This is an interesting one. My analysis is obviously incomplete at this moment, and I will not cover every single thing I saw (although the notch filter is definitely not configured properly), but it still might be helpful.
I will concentrate not on a crash, but on the first hiccup moment of the flight and on the following 25 seconds, because, as we will see later, something likely happened with the machine which complicates the further analysis. A video of the incident would have helped, but I would understand if there was none.
What I call the hiccup, started at timestamp 17:15, when the machine flying at horizontal speed of about 11 m/s was commanded to stop by moving the pitch stick from almost full forward to center in two seconds. The machine reacted by braking as expected, which changed desired pitch from about -7 degrees to about +9 degrees, and then, later, to +21 degrees. Around that moment, at 17:18, actual pitch started to run out of control, and things went haywire.

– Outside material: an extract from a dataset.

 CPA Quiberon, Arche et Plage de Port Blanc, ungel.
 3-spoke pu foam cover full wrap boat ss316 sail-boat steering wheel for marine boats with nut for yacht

Note that here at this moment, the GPS altitude raised a little bit, from 10.8 to 11.1 meters, although this was not commanded: the throttle stick was centered at this time, and remained pretty much centered throughout the whole time segment I am talking about. What else changed is that CTUN.ThO, which indicates the relative average thrust commanded, went to straight zero just before the loss of control.
What I suspect was happening on the physics side of things, is a combination of several factors, although I am not quite sure in which proportions:
- Lift from the propellers increased temporarily as the machine was slowing down. As you brake, you are pushing the machine onto the oncoming undisturbed air, which you have some speed against, propeller bottom first, which temporarily increases the apparent lift.
- Propeller inertia made it impossible to slow down some of the propellers as quickly as the current configuration required them to do, so Ardupilot was essentially thinking the props rotated slower than they actually did
- The value of
MOT_SPIN_MIN was set to a default, which may be appropriate for a machine flying at roughly half throttle, and not appropriate to a lightweight machine that was hovering at around 0.18. Ideally, this one is set such that on minimum expected battery charge the resulting rotation speed still follows the general throttle curve, but not much more than that.
With CTUN.ThO at zero, motors started to hit MOT_SPIN_MIN, and with the configured throttle mixing, the machine started to give up its authority on axes to preserve zero throttle - otherwise, it thought, it would have run away. This is why the 17:15-17:18 section of RCOU looks the way it looks.
The RCOU trends from 17:18 onwards look as follows: motor 4 at max, motor 3 at min (both hitting their saturation limits very often), motors 1 and 6 above average, motors 2 and 5 below average. The average itself around 17:30 is much higher than hover throttle, but this can be explained by the fact that the machine tried to gain the altitude lost in the previous culprits. By looking at the wiring diagram, the aft right corner received very high thrust, and the opposite was the opposite. This, for me, does not indicate a motor or prop failure, which would result in one motor inconsistent with others and/or thrust loss warning at detection of such an imbalance.
What I suspect to be the immediate cause of the crash was that something moved in the frame towards aft right during the first incident of attitude control loss and recovery. It was something heavy, so for a nearly-empty craft my main suspect is the battery. The subsequent attitude control losses likely moved that in other random directions, and the machine could not cope with that - especially given the necessary throttle reduction needed to land.
The cause for attitude control losses, in turn, is, in my opinion, a combination of configuration issues and the machine being a bit overpowered for how it flies. One of the most obvious issues from my point of view is MOT_SPIN_MIN not configured to match the actual machine, but I also suspect that Loiter braking is probably configured too aggressively for the degree of control available.